▼

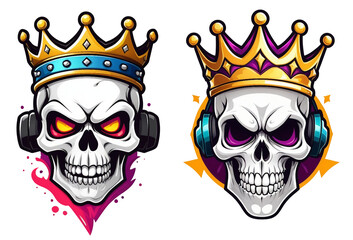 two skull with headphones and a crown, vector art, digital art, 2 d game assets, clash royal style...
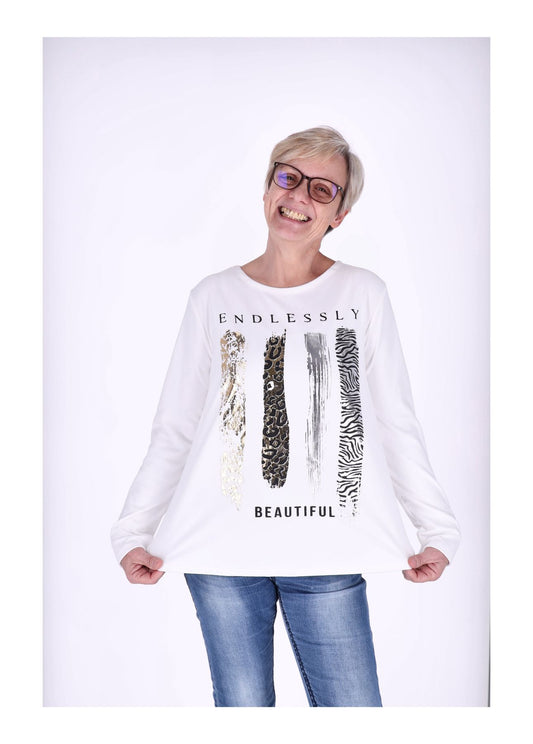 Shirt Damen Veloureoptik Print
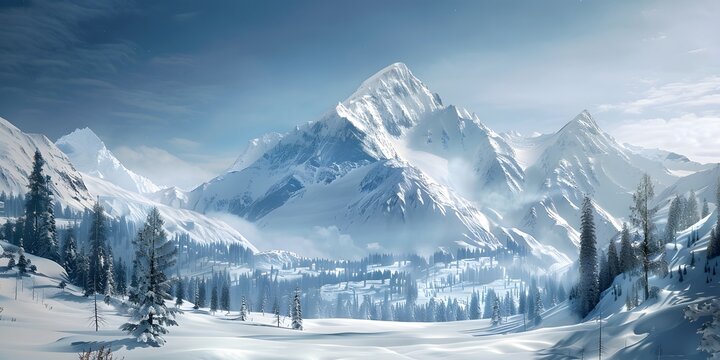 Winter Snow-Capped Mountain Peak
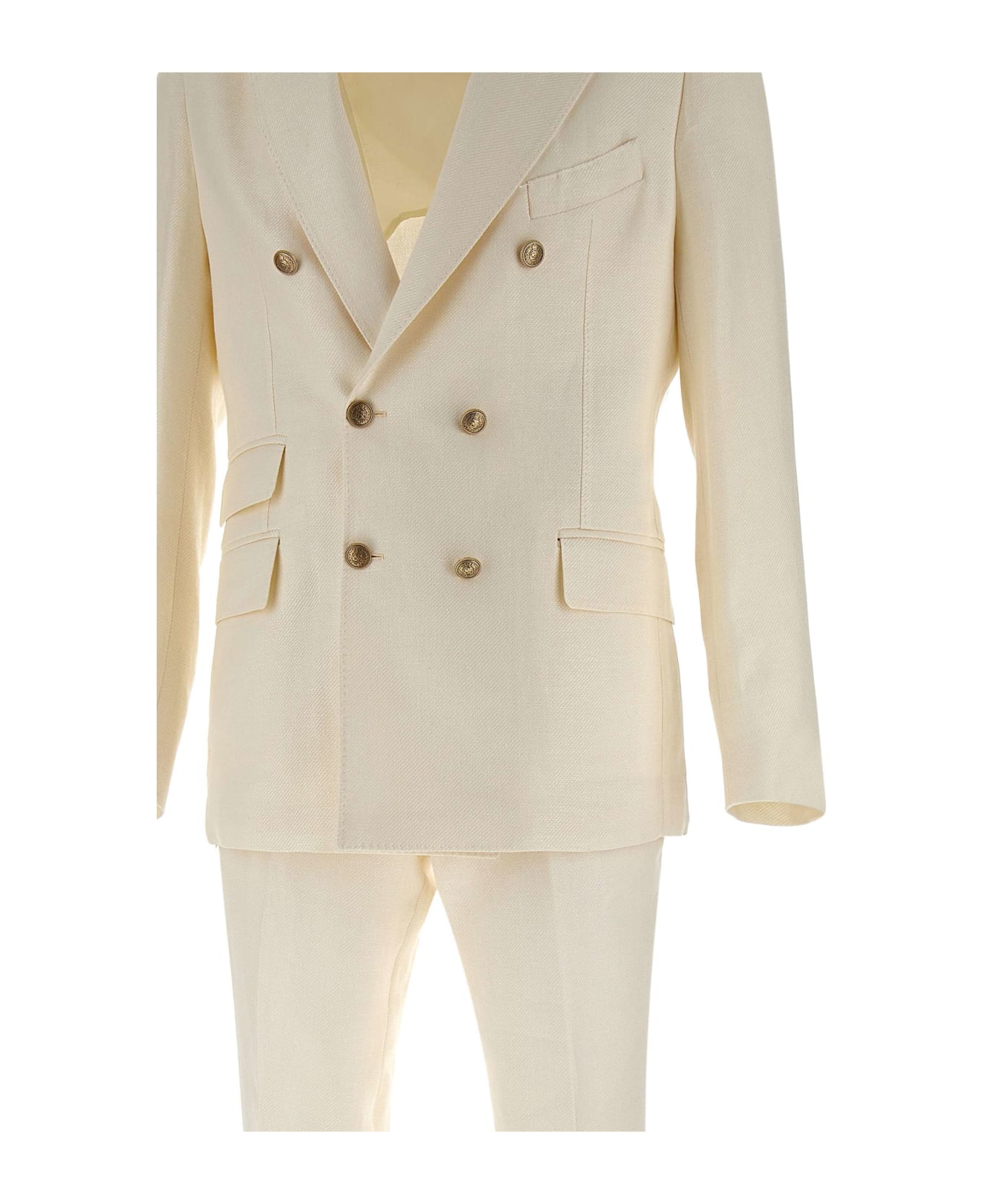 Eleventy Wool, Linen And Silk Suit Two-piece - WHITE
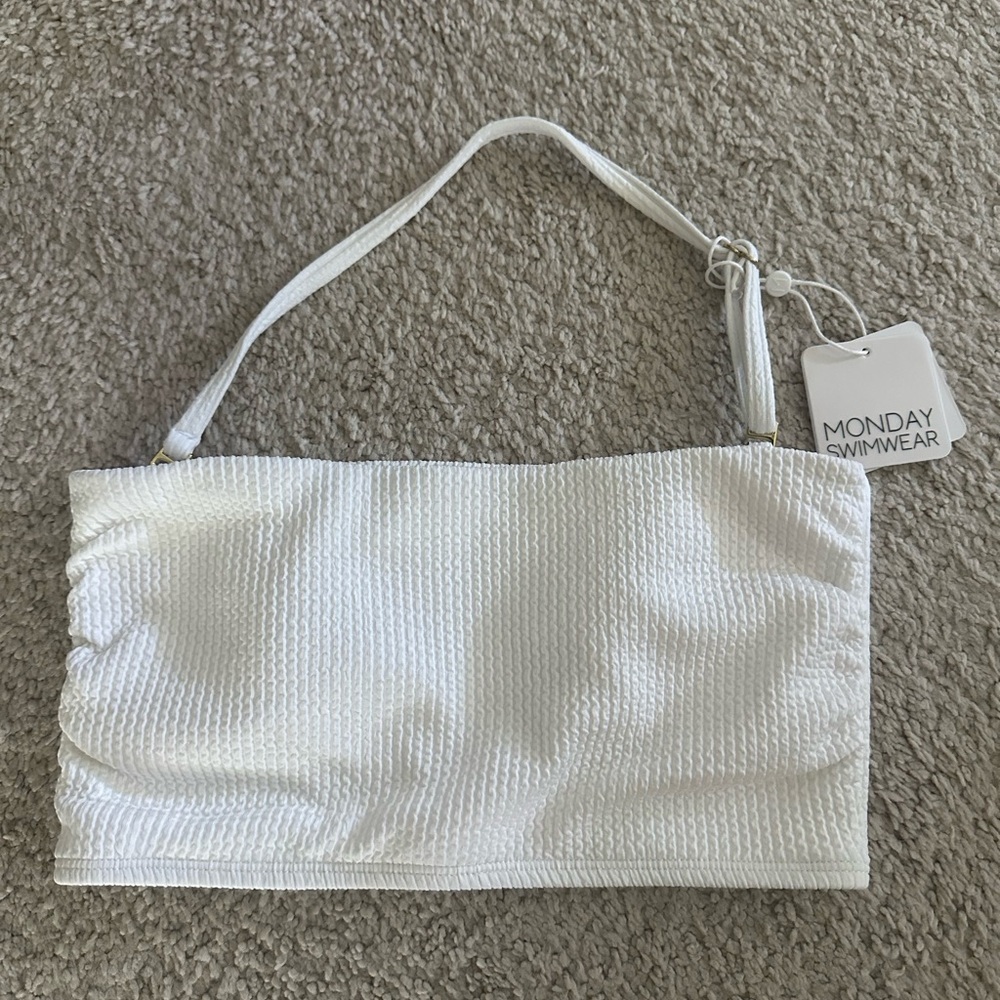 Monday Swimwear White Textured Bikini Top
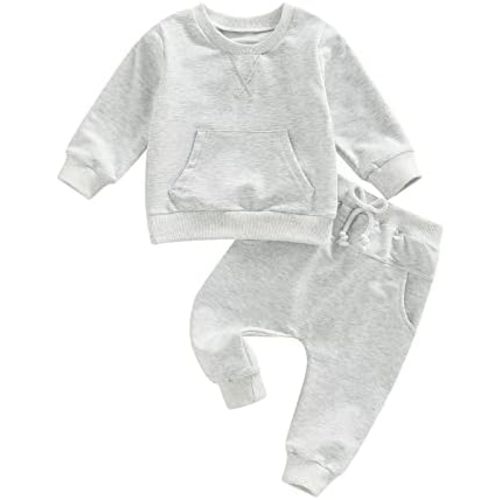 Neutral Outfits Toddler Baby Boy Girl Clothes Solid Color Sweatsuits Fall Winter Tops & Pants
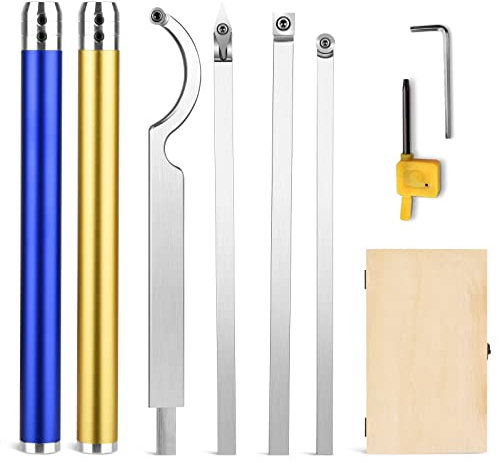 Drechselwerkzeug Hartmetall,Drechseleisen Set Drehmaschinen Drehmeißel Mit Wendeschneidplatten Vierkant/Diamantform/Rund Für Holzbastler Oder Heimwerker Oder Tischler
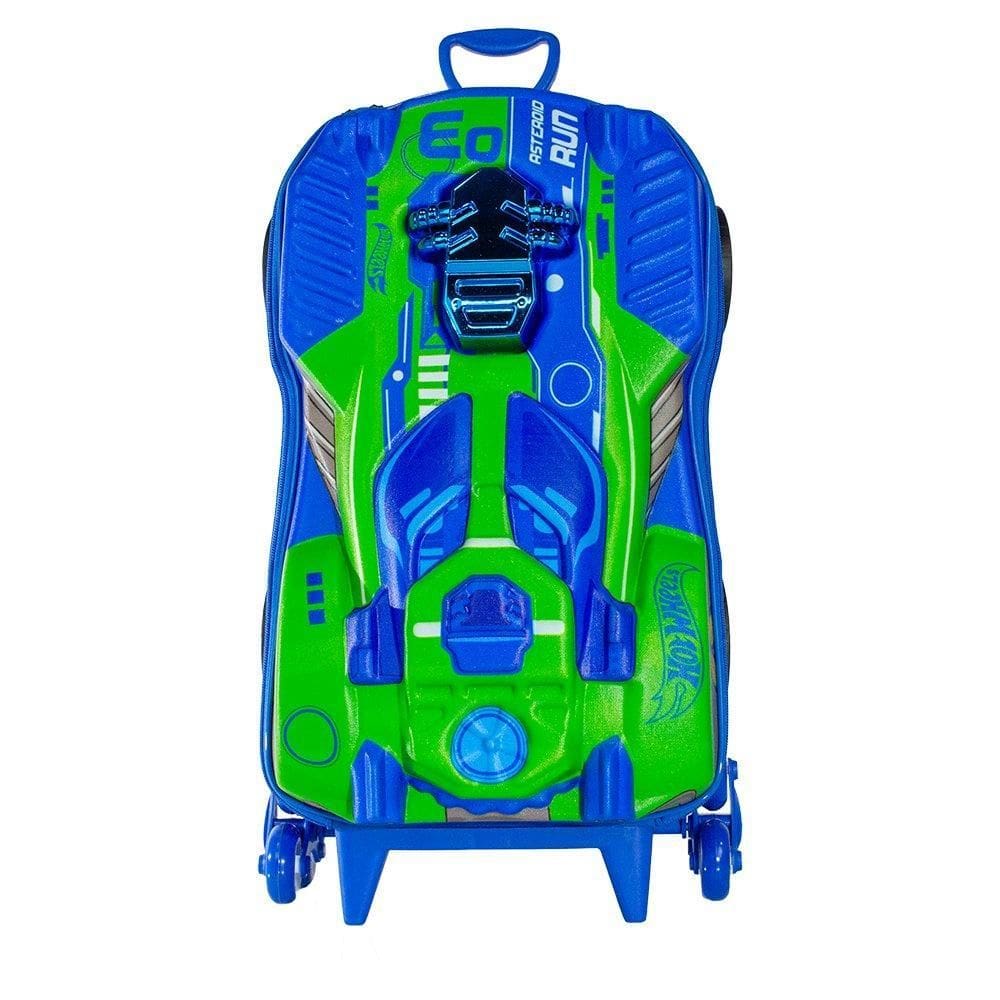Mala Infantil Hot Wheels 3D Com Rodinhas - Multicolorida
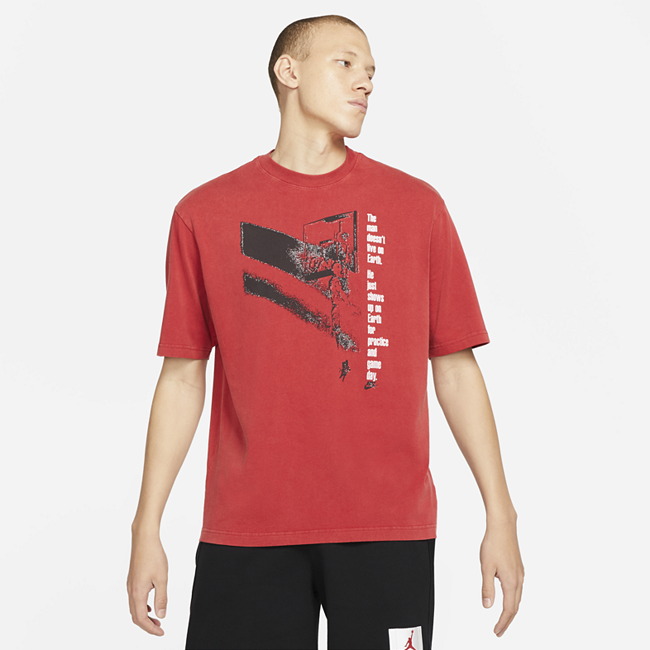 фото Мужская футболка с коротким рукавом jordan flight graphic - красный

▲

**Exercise objective**
No pictures belong in the copy. Retype exactly, and only, the lines from the line containing "Neutral Outfits Toddler" through the last line of the data, both included.

**Solution**
 Neutral Outfits Toddler Baby Boy Girl Clothes Solid Color Sweatsuits Fall Winter Tops & Pants
 Drechselwerkzeug Hartmetall,Drechseleisen Set Drehmaschinen Drehmeißel Mit Wendeschneidplatten Vierkant/Diamantform/Rund Für Holzbastler Oder Heimwerker Oder Tischler
Mala Infantil Hot Wheels 3D Com Rodinhas - Multicolorida
 фото Мужская футболка с коротким рукавом jordan flight graphic - красный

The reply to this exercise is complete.